### Task data:
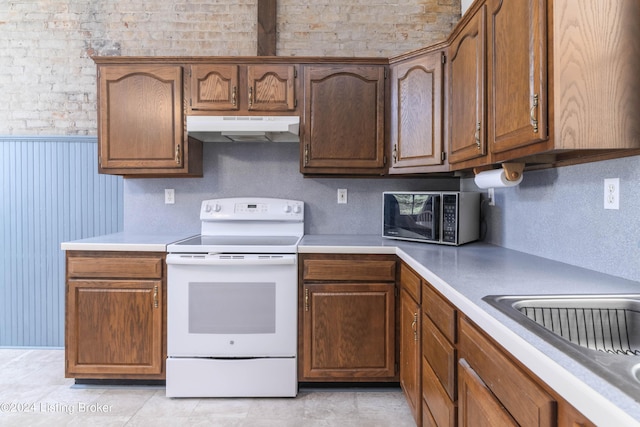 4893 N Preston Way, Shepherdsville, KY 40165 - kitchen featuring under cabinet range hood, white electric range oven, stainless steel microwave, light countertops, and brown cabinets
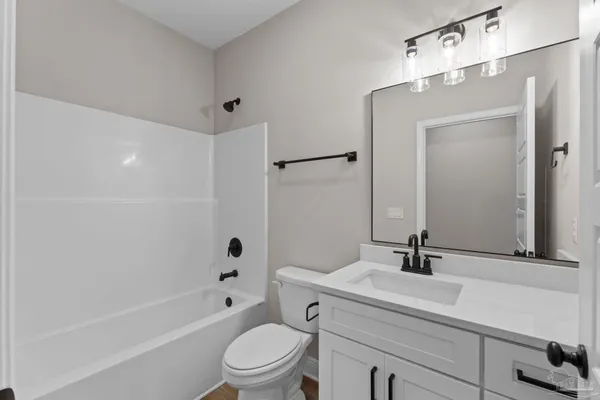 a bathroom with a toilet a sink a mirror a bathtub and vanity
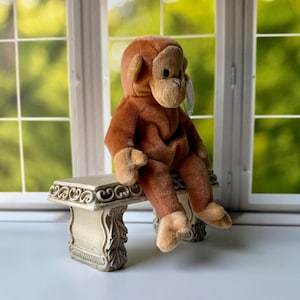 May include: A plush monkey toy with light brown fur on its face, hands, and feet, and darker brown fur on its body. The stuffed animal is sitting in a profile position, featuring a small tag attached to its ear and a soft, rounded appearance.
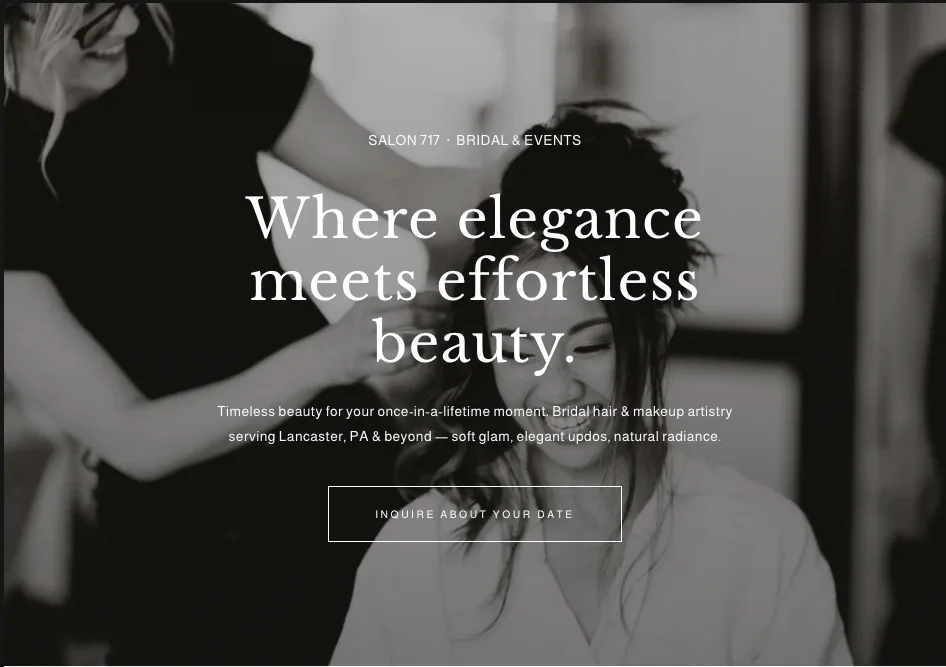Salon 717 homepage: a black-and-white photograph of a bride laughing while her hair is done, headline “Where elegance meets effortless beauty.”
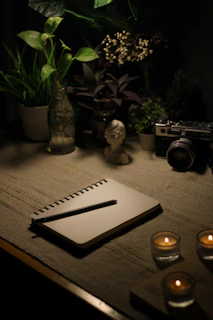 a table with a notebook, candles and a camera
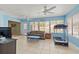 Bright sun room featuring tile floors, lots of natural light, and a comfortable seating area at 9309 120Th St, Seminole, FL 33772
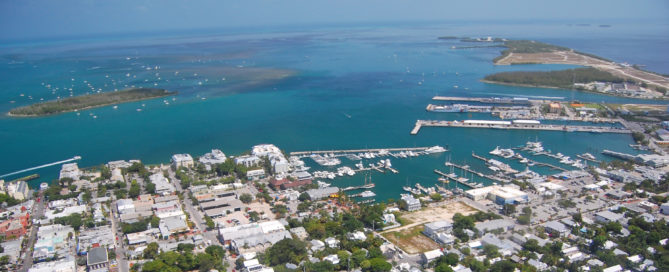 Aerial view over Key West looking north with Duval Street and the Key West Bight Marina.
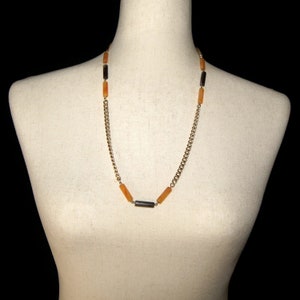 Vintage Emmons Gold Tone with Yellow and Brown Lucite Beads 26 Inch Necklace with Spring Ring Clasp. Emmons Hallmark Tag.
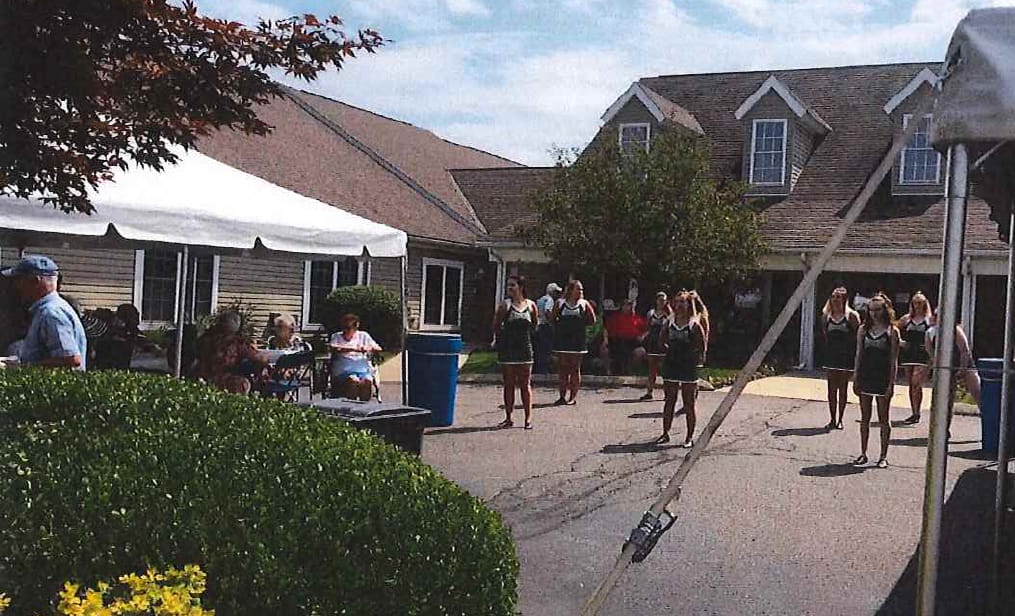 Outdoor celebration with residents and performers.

---

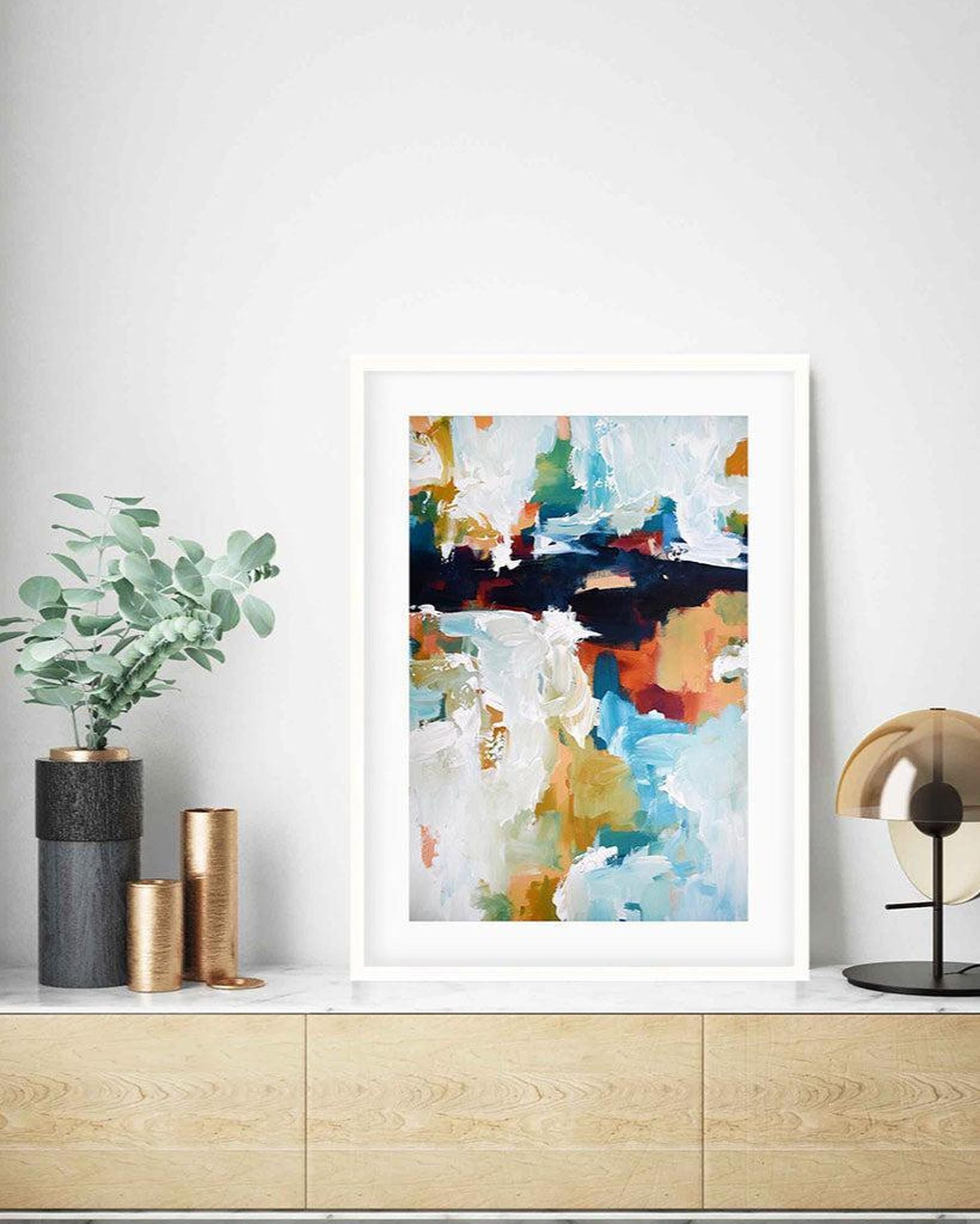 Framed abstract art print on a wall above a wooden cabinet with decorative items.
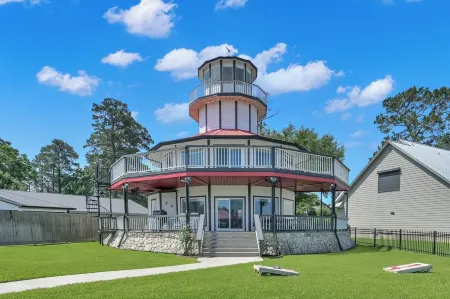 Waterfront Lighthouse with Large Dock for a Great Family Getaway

### Exercise requirements:
Using the data above, copy exactly the lines from the one containing "Salon 717 homepage: a" to the one containing "Outdoor celebration with", inclusive. Exclude the pictures.

### Completed task:
Salon 717 homepage: a black-and-white photograph of a bride laughing while her hair is done, headline “Where elegance meets effortless beauty.”
 a table with a notebook, candles and a camera
 Bright sun room featuring tile floors, lots of natural light, and a comfortable seating area at 9309 120Th St, Seminole, FL 33772
 Aerial view over Key West looking north with Duval Street and the Key West Bight Marina.
 Vintage Emmons Gold Tone with Yellow and Brown Lucite Beads 26 Inch Necklace with Spring Ring Clasp. Emmons Hallmark Tag.
 Outdoor celebration with residents and performers.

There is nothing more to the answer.